You could try tapeinfo (part of the mtx package).  I think you need to have a
tape loaded to make it work.

__Martin


>>>>> On Wed, 14 Feb 2018 14:47:59 +0000, Adam Weremczuk said:
> 
> Hi Martin,
> 
> This is what I'm getting from the command:
> 
> mt -f /dev/nst0 status
> SCSI 2 tape drive:
> File number=0, block number=0, partition=0.
> Tape block size 0 bytes.
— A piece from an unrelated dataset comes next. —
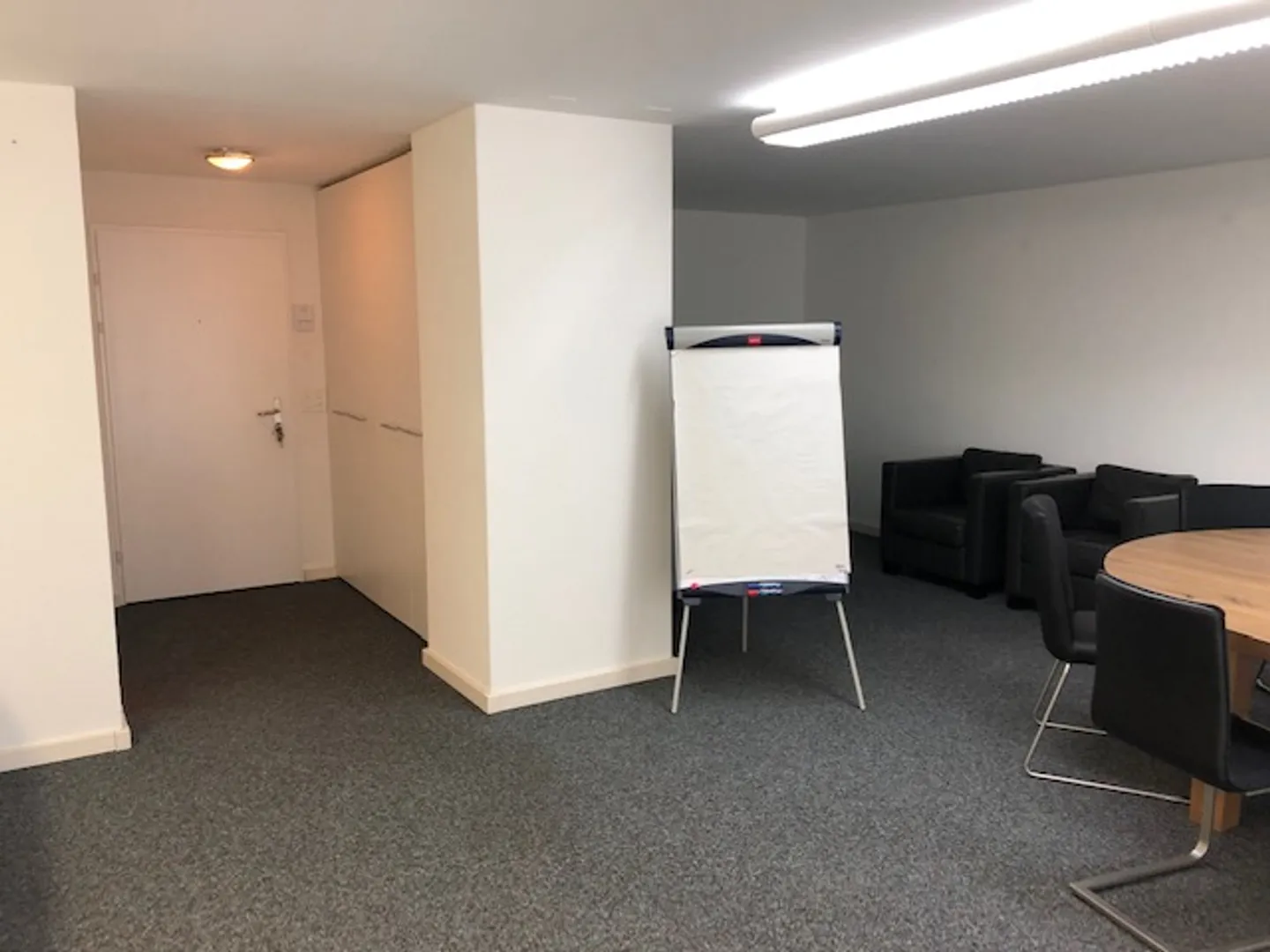 We offer space for your business! - Photo 3 of 7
Density code 0x46 (LTO-4).
> Soft error count since last status=0
> General status bits on (41010000):
>   BOT ONLINE IM_REP_EN
> 
> So compression is not mentioned here, just density code which is 
> something different.
> 
> I looked into "mt compression" and "mt datacompression" commands but 
> both don't seem to have a view or status mode.
> 
> Even when executed without a parameter they enable compression:
> 
> https://wiki.zmanda.com/index.php/Hardware_compression
> 
> So I'm reluctant to take the risk with our main backup system which I'm 
> still learning how to use.
> 
> Any ideas?
> 
> Thanks
> Adam
> 
> 
> On 09/02/18 18:32, Martin Simmons wrote:
> > Possibly "mt status" will show whether hardware compression is enabled?
> >
> > If you are getting close to 1.6TB per LTO-4 tape (according to JobBytes) 
> > then
> > I think hardware compression must be enabled.
> >
> > The mt command also allows you to control compression (I'm not sure if you 
> > can
> > change it in the middle of writing to a tape though).